ブラームスはその年の暮、クララに宛てた手紙の中で、バッハ全集6巻をもらったが、既に持っている分との重複が起きたと伝えている。

カルベックたち後世のブラームスの研究家によってこの6巻の贈り物が「Danaer Geschenke」と呼ばれているのだ。その「ダナエア ゲシェンケ」の訳語こそが本日のお題「危険な贈り物」なのである。手元の辞書では、「危険な贈り物」の代表例ととして「トロイの木馬」を挙げている。あれこれと書物を調べたが、フリーデリケから贈られた6巻が何故「危険な贈り物」と呼ばれているのか明確な記述にはたどり着けなかった。

想像で補うことにする。

この贈り物がブラームスの内なる「バッハラブ」に火をつけたということではあるまいか。この贈り物をキッカケに生涯にわたって続くブラームスのバッハ研究が緒に着いたということだろう。

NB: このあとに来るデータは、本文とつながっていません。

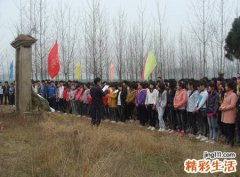 梦见和亲人一起扫墓有什么预兆，做梦梦到和家人去拜山扫墓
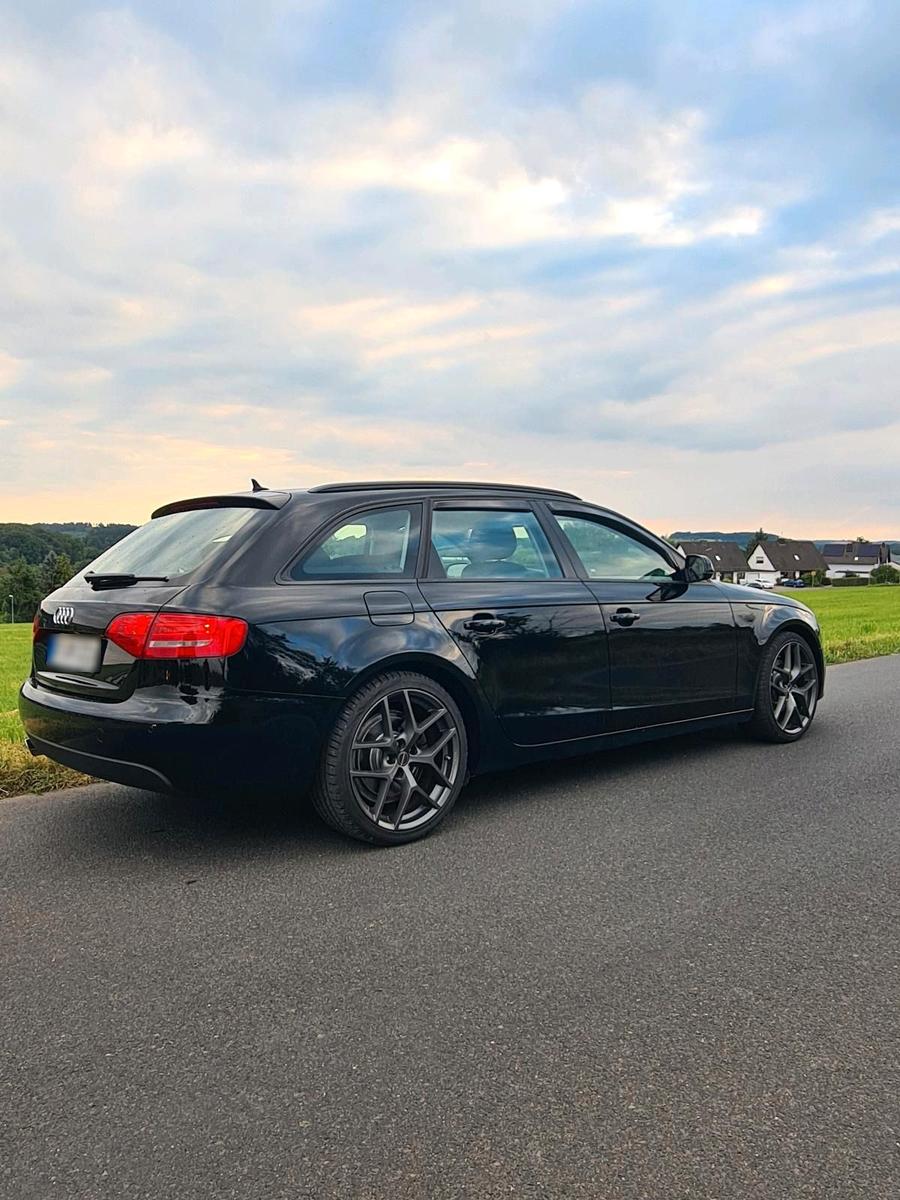 Audi A4 2009 — rear view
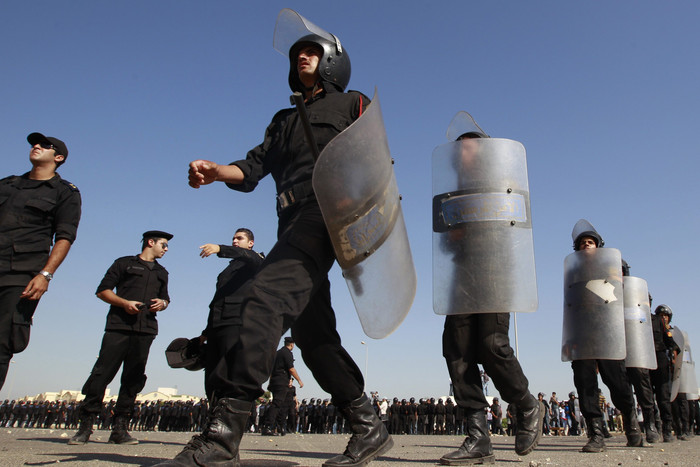 Власти Египта выделили 1100&nbsp;полицейских, 5000&nbsp;военнослужащих и 50&nbsp;танков для&nbsp;обеспечения безопасности в&nbsp;Каире, где 3&nbsp;августа начался процесс над&nbsp;экс-президентом страны Хосни Мубараком.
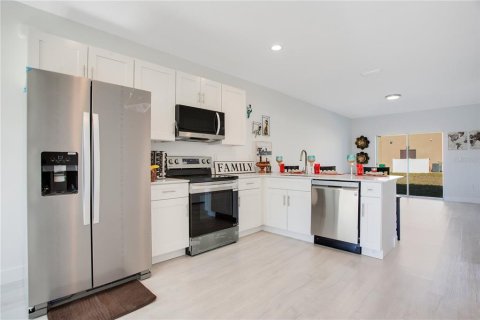 Apartment in Englewood, Florida 3 bedrooms, 107.95 sq.m. № 2205667 - photo 4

その逆説的な表現が「危険な贈り物」なのだと思う。単にクリスマスプレゼントの異名だったら少しがっかりである。

実を言うと「ブラームスの辞書」は、本もブログも誰かの「ブラームスラブ」に火を点けたいと願うものである。どこかの誰かにとっての「危険な贈り物」になることを密かに期待している。